● **Exercise description**
The answer is to be an exact copy of the lines below running from the line with "Agarwood Plants For Sale in Minuwangoda" down to the line with "Berhasil Tembus Pasar", both ends included, and nothing more.

● **Exercise materials**
- - - -
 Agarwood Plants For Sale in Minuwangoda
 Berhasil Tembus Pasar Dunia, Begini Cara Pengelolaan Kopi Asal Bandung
- - - -
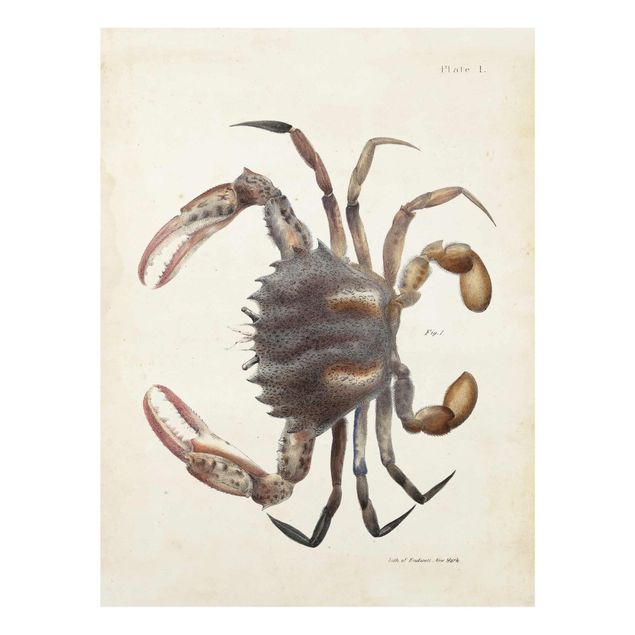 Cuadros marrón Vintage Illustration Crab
- - - -
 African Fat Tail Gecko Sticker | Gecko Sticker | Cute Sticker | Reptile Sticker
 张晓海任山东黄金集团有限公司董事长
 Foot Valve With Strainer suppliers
- - - -
● **Reply to the exercise**
 Agarwood Plants For Sale in Minuwangoda
 Berhasil Tembus Pasar Dunia, Begini Cara Pengelolaan Kopi Asal Bandung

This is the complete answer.